▶ [Exercise instructions]
Nothing in the data should change when you return it, but leave the pictures out.

▶ [Task inputs]
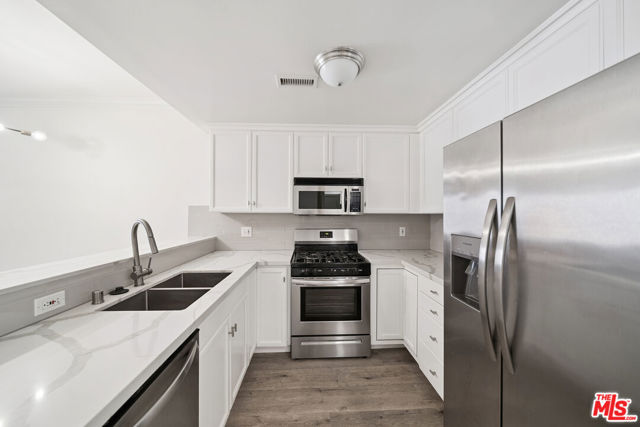 2335 S Bentley Avenue, Los Angeles CA: https://media.crmls.org/mediaz/ca0067ac-b98d-42c5-bdeb-8146b67702cb.jpg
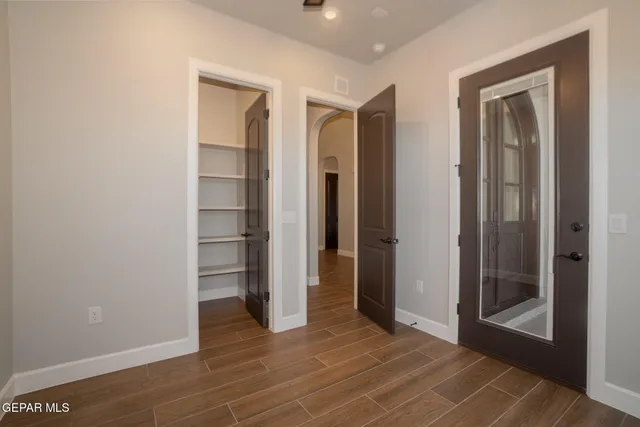 a view of an empty room with wooden floor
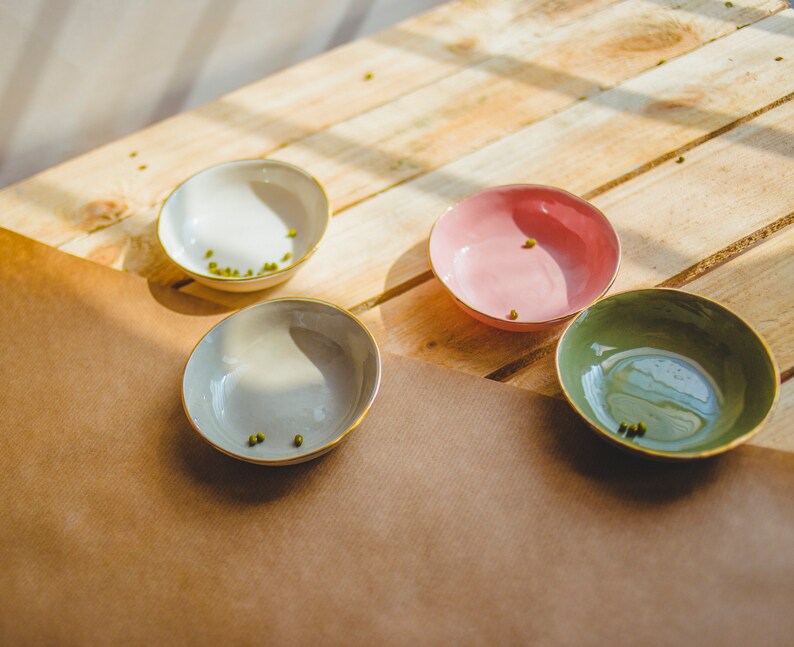 May include: Four small bowls with a light brown, gray, pink, and green glaze. The bowls are arranged on a wooden surface with a brown paper sheet underneath.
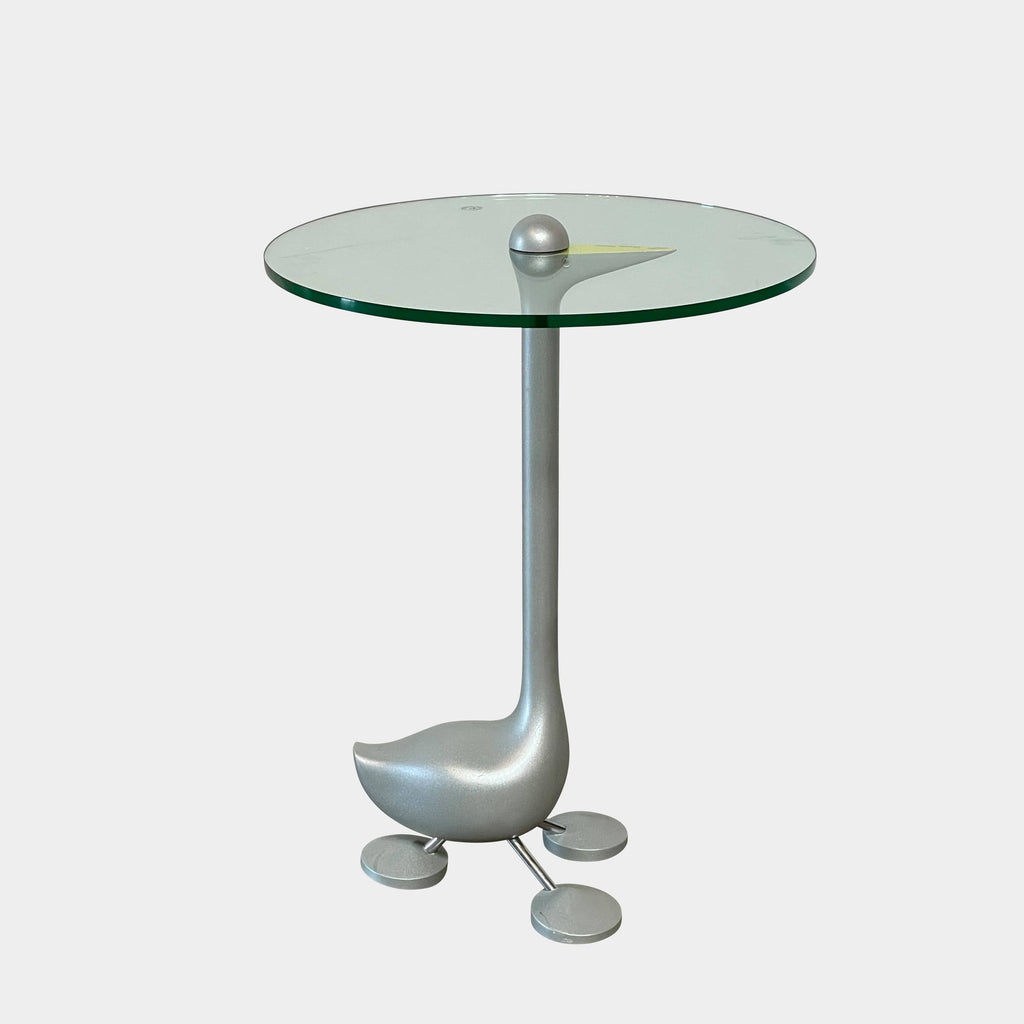 The Zanotta Edizioni Sirfo "Goose" table, designed by Alessandro Mendini, features a stunning glass top with a whimsical bird perched on it.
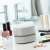 InnovaGoods Mini Tischstaubsauger Micuum Gadget Tech, weiß, auf einem Tisch mit Make-up-Produkten
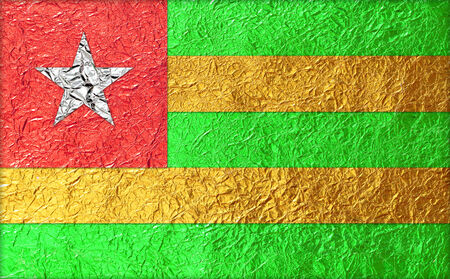 Togo Flag with a Shiny  leaf  Bronze Shiny  leaf   foil texture backgroundの写真素材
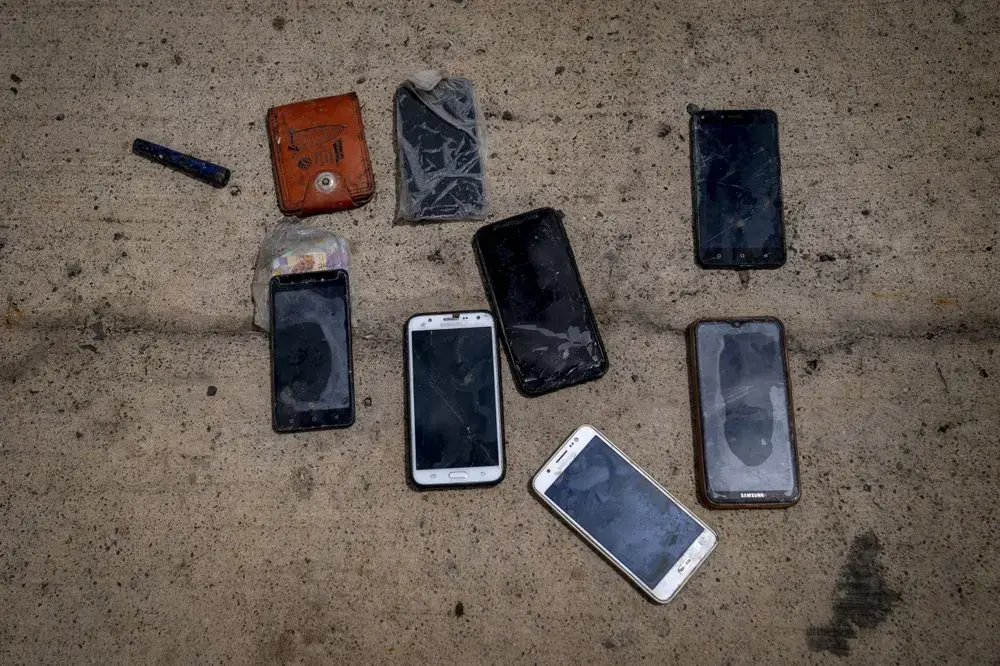 Phones and other items are placed on the ground by police officers as they inspect a boat where 15 Malians were found dead adrift in the Atlantic on Thursday, Aug. 20, 2020, in Gran Canaria island, Spain.&nbsp;Image by Emilio Morenatti/AP Photo. Spain, 2020.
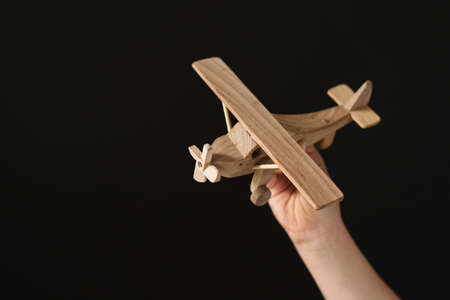 Wooden Toy airplane in hand, symbol of travel and dreams on dark background. Use for poster, card, invitation, banner, advertising, marketing, shop, print, textile, designの写真素材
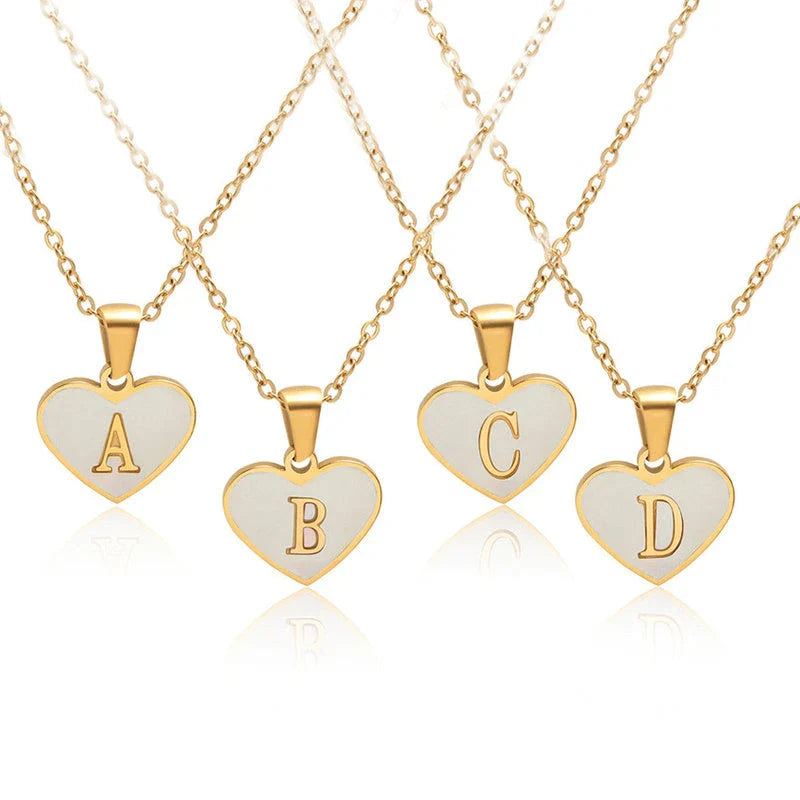 A personalized heart-shaped necklace with a 26-letter charm, crafted from high-quality stainless steel and gold plating.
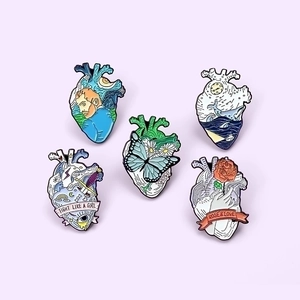 Set of five creative anatomy heart enamel pins with Van Gogh and butterfly artistic designs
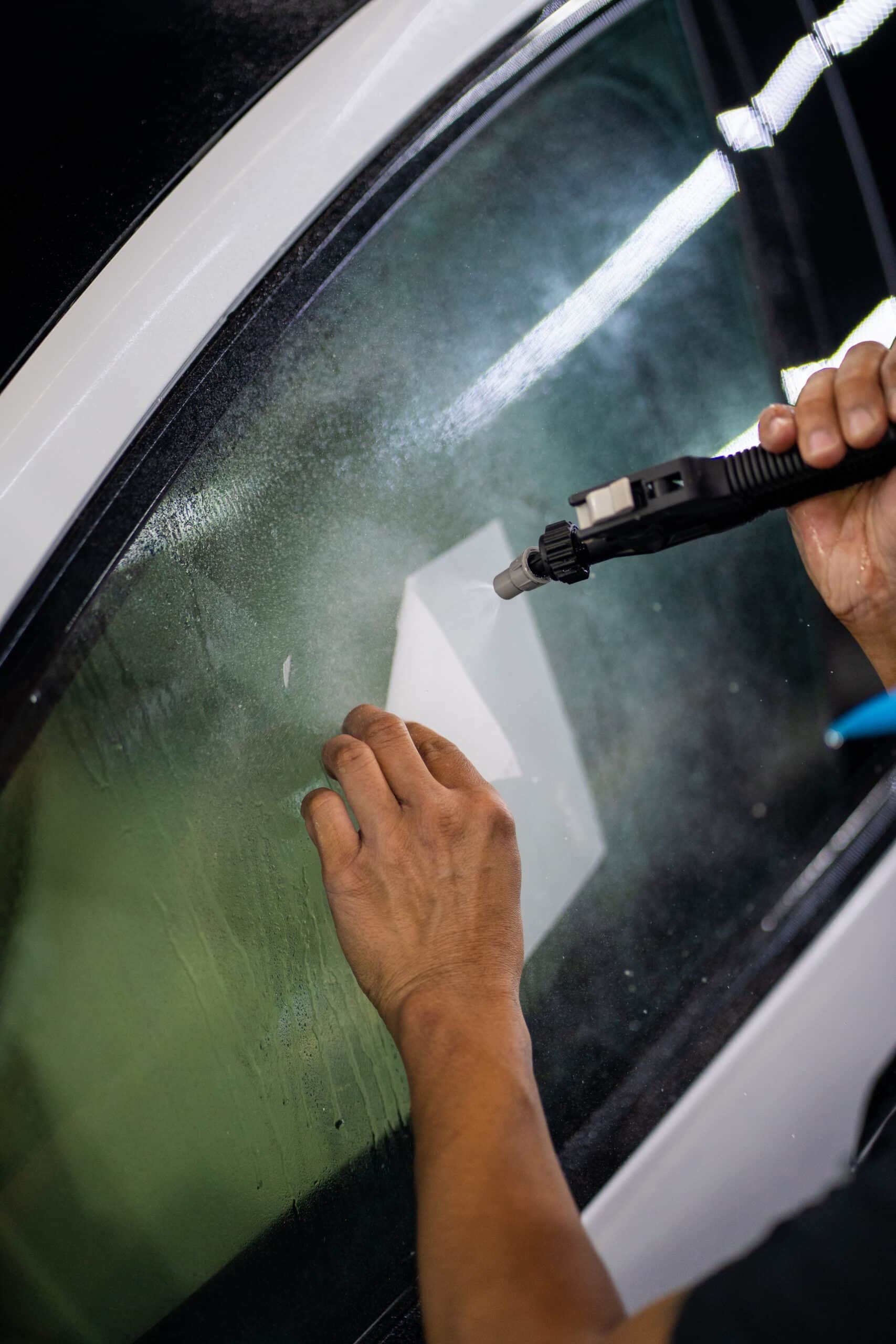 A person is applying window tinting to a car window.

▶ [Expected answer]
 2335 S Bentley Avenue, Los Angeles CA: https://media.crmls.org/mediaz/ca0067ac-b98d-42c5-bdeb-8146b67702cb.jpg
 a view of an empty room with wooden floor
 May include: Four small bowls with a light brown, gray, pink, and green glaze. The bowls are arranged on a wooden surface with a brown paper sheet underneath.
 The Zanotta Edizioni Sirfo "Goose" table, designed by Alessandro Mendini, features a stunning glass top with a whimsical bird perched on it.
 InnovaGoods Mini Tischstaubsauger Micuum Gadget Tech, weiß, auf einem Tisch mit Make-up-Produkten
 Togo Flag with a Shiny  leaf  Bronze Shiny  leaf   foil texture backgroundの写真素材
 Phones and other items are placed on the ground by police officers as they inspect a boat where 15 Malians were found dead adrift in the Atlantic on Thursday, Aug. 20, 2020, in Gran Canaria island, Spain.&nbsp;Image by Emilio Morenatti/AP Photo. Spain, 2020.
 Wooden Toy airplane in hand, symbol of travel and dreams on dark background. Use for poster, card, invitation, banner, advertising, marketing, shop, print, textile, designの写真素材
 A personalized heart-shaped necklace with a 26-letter charm, crafted from high-quality stainless steel and gold plating.
 Set of five creative anatomy heart enamel pins with Van Gogh and butterfly artistic designs
 A person is applying window tinting to a car window.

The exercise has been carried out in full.